A rousing tribute to Tina Turner


     In the mid-1980s, I couldn’t go anywhere without hearing Tina Turner’s voice. Friends endlessly played cuts from Turner’s Private Dancer album. At times, What’s Love Got to Do With It,  which became a signature song, seemed to be circling in a continuous loop in my brain. 
   As you’ll learn in Tina, a documentary about the singer’s life and career, Turner might have been the performer that Mick Jagger looked to for inspiration. I say this not to be snarky but to acknowledge, as the movies does, her influence on Jagger’s stage presence.
   Born Anna Mae Bullock in Brownsville, Tenn., Turner — now 81 — has had many careers. She launched with Ike Turner, whose abuse of her is well-chronicled in the 1993 movie What’s Love Got To Do With It  and in Turner’s autobiography, I Tina: My Life Story, written with Kurt Loder who appears in the film.
   Directors Dan Lindsay and T.J. Martin wander around Turner’s life, not fretting too much about strict chronological order. It hardly matters because Tina touches all the bases before landing in the quiet of the Zurich mansion Turner now shares with her husband, Erwin Bach, listed as one of the movie's executive producers.
    After she jettisoned Ike, Turner became a Vegas act. She didn’t  renew her ascendance until Private Dancer, and today she’s a bona ride elder stateswoman -- of music, survival, and uncontainable energy. 
   Turner credits Buddhist chanting with having opened the door to tranquility in a life that kicked off with emotionally bruising abandonment by both of her parents.

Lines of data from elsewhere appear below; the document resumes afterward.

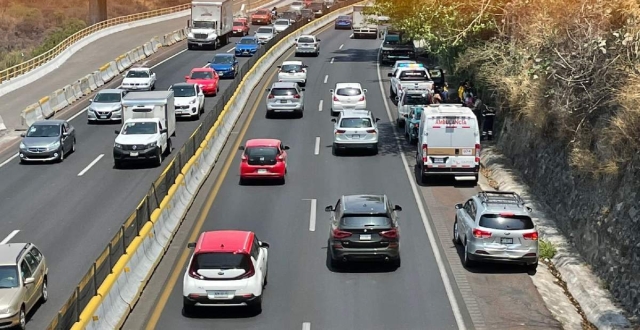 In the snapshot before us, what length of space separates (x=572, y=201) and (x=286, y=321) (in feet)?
32.9

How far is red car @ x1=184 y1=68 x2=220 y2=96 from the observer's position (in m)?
50.8

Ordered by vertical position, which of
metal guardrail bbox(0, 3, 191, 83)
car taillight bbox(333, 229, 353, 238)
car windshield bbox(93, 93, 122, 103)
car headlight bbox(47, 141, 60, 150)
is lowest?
metal guardrail bbox(0, 3, 191, 83)

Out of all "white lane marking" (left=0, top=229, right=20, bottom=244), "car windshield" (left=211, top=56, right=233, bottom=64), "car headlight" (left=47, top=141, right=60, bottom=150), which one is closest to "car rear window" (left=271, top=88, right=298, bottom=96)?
"car headlight" (left=47, top=141, right=60, bottom=150)

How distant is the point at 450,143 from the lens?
31.7 meters

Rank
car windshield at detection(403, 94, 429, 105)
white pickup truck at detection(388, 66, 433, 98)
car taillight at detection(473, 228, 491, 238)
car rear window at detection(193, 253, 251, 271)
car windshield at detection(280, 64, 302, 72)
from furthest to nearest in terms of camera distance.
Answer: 1. car windshield at detection(280, 64, 302, 72)
2. white pickup truck at detection(388, 66, 433, 98)
3. car windshield at detection(403, 94, 429, 105)
4. car taillight at detection(473, 228, 491, 238)
5. car rear window at detection(193, 253, 251, 271)

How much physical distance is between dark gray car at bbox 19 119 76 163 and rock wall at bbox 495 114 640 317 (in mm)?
17267

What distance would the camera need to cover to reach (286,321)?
Result: 1983cm

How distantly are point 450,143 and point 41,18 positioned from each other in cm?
11731

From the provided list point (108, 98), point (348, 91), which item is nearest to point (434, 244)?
point (348, 91)

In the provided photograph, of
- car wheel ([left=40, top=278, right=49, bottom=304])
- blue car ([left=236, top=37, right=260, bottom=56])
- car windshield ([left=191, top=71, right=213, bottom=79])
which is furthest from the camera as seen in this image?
blue car ([left=236, top=37, right=260, bottom=56])

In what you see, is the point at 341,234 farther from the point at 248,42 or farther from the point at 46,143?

    A 19-year-old Turner was selected for fame by Ike Turner, the guitarist who stood silently in the background as Tina began to command every stage that hosted the Ike and Tina Turner Revue.  
    Ike Turner was a skilled songwriter and musician, but Tina quickly became the draw. The abbreviated skirts, the kinetic hair, the sweat that resulted from her ability to turn her body into a perpetual motion machine of soul created a brand before performers became so obsessed with branding. 

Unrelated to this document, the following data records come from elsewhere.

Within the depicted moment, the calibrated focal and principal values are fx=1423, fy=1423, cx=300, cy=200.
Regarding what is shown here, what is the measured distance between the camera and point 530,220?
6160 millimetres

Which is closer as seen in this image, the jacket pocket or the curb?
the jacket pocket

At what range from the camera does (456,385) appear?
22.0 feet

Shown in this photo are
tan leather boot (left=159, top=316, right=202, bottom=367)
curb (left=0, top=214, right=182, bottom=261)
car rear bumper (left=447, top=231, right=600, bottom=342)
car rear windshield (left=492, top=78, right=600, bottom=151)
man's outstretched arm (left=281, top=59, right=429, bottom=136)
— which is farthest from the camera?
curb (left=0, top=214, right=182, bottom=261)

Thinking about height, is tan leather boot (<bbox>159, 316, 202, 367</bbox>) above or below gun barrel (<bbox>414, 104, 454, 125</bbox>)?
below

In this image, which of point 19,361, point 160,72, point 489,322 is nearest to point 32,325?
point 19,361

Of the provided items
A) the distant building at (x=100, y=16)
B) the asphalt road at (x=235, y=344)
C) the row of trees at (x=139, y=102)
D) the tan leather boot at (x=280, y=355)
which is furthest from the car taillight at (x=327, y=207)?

    The movie finds its starting point with a 1981 interview that Turner gave to People magazine's  She talked frankly about the domestic abuse she had experienced with Ike.
      Tina walked away from Ike in 1978 with only one demand — that she keep her name. She seems to have understood that she not only had talent but possessed what might be called talent-plus, the extra ingredient being the sheer force of will.
    You may find yourself recalling the movie in bits and pieces. In 1966, Tina began distancing herself from Ike, pouring her soul into Mountain High, a record she made with Wall-of-Sound guru the late Phil Spector, who kept his contact with Ike to a minimum. The record flopped. 
    Lindsay and Martin's documentary brims with revealing observations. Tina took an immediate dislike to the song What’s Love Got To Do With It.  She thought the tune, recorded originally by a British pop group Bucks Fizz, was more pop than rock. She had to be convinced to make it her own.
    We hear from Roger Davies, one of Tina's most important managers, from Angela Bassett, who played Turner in the 1993 movie, as well as from Oprah Winfrey
   You’ll see enough of Turner in performance to remind you that her voice could soar but Turner always seems to have been more than a voice: She was and is an undeniable presence.